All Colors Are In The Lights 2019, Taiwan, Taichung

Extracting and Overlaying Urban Images for Interactive Spatiality

“All Colors Are In The Lights” (ACAITL) is an interactive installation work that animates the environment via arrangements of images and projections. Without complicated sensing techniques or movable mechanisms, an intuitive light and shadow show with everyday street view images creates an instantly relatable urban experience to the audience. A playful and responsive engagement between an enclosed interior and an open urban spatial environment is presented in a way that invites maximum public participation, whether to interact with the imagery, the projections, or the interior space, individually as well as collectively.

All Colors Are In The Lights (ACAITL) is a 20-minute 12-channel projection installation project commissioned by the National Taichung Theater that takes place in the Tutu Gallery, a 460-square-meter exhibition space at the heart of the building. The work depicts a journey from the outskirts of the city all the way to downtown via the most important main road in the city (Taiwan Boulevard), aiming to represent an everyday urban commute experience to the indoor audience.

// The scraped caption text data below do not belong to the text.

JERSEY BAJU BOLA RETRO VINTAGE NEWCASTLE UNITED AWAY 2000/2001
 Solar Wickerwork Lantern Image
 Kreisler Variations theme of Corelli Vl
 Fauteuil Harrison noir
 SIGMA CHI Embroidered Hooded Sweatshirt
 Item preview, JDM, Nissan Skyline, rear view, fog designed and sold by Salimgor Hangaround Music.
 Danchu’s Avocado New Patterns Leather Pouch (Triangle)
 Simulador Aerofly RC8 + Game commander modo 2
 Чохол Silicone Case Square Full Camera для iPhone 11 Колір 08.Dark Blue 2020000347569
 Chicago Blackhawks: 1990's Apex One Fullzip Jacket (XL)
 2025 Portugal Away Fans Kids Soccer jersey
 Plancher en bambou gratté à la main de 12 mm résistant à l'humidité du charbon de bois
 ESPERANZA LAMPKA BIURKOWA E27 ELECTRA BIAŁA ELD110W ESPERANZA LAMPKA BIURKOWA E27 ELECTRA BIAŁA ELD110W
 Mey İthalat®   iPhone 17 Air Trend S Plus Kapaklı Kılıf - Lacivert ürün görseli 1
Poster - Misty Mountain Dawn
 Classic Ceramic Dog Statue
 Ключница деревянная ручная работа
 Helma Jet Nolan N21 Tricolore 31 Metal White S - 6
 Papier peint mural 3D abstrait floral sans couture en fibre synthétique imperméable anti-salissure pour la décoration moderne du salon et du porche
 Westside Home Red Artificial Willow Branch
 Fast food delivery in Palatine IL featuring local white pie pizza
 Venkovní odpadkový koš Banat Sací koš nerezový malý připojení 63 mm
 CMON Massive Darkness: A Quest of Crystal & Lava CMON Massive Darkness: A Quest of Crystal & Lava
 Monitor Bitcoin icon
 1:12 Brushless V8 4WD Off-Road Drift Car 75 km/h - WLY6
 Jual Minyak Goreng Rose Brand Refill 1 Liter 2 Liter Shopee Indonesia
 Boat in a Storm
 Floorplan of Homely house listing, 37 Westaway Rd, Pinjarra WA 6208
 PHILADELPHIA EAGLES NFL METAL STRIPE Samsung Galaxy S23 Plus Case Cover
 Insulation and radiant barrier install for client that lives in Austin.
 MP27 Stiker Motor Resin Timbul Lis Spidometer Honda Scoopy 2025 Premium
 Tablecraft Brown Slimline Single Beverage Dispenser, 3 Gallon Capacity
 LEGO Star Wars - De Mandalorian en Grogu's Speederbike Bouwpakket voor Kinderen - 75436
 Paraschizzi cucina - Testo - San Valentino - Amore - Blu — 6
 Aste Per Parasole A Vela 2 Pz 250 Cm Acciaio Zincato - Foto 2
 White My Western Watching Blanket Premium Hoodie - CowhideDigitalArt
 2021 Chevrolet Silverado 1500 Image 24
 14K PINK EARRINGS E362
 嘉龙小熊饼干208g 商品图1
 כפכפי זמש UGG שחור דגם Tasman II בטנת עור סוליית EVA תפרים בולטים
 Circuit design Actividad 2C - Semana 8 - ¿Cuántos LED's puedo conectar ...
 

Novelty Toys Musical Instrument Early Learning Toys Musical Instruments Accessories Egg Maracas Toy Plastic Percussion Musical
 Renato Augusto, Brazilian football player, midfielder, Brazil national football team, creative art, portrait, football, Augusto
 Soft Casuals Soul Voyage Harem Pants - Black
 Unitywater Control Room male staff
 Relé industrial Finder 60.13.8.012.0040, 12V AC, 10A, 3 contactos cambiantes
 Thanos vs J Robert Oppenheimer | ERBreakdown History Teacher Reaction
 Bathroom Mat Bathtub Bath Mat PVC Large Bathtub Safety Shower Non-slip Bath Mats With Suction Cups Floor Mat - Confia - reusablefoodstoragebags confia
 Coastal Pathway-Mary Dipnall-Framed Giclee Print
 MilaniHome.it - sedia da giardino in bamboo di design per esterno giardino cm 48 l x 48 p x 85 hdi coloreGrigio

The cross-town traffic was captured by a 360-degree camera into a panoramic movie and then extracted to 270 frames. Each frame lasts for 4.5 seconds, making the total time equal to the original trip of 20 minutes. Each image depicts a view that is 25 meters further on the road, therefore the video is a slow stop-frame animation of city surroundings from a moving vehicle’s point of view, not unlike pushing the forward key while in a “street view” mode on a digital map. The panoramic video is separated into four views, facing front, right, back, and left, projecting on the four main curved walls in the gallery, to resemble observing the city in a moving car through its windows at each side. However, the projections are all layered: At least two projectors overlay images on every wall, while the main wall on the front has images layered and stitched by six projectors. The layering of images is to create additive mixing of lights. From the same base images, street elements (vehicles, buildings, passengers, trees, etc.) are identified, grouped, and then cast with pairing primary or secondary colors. The colors are coded in a way that the same group of street elements receives complementary colors, therefore when projected together on the wall, the layers add up to white. The abstract white shades only reveal its descriptive color profiles when a viewer moves between the projectors and the curve wall, casting its shadows not in black but in vibrant colors as if the viewer’s participation activates the animated urban imageries.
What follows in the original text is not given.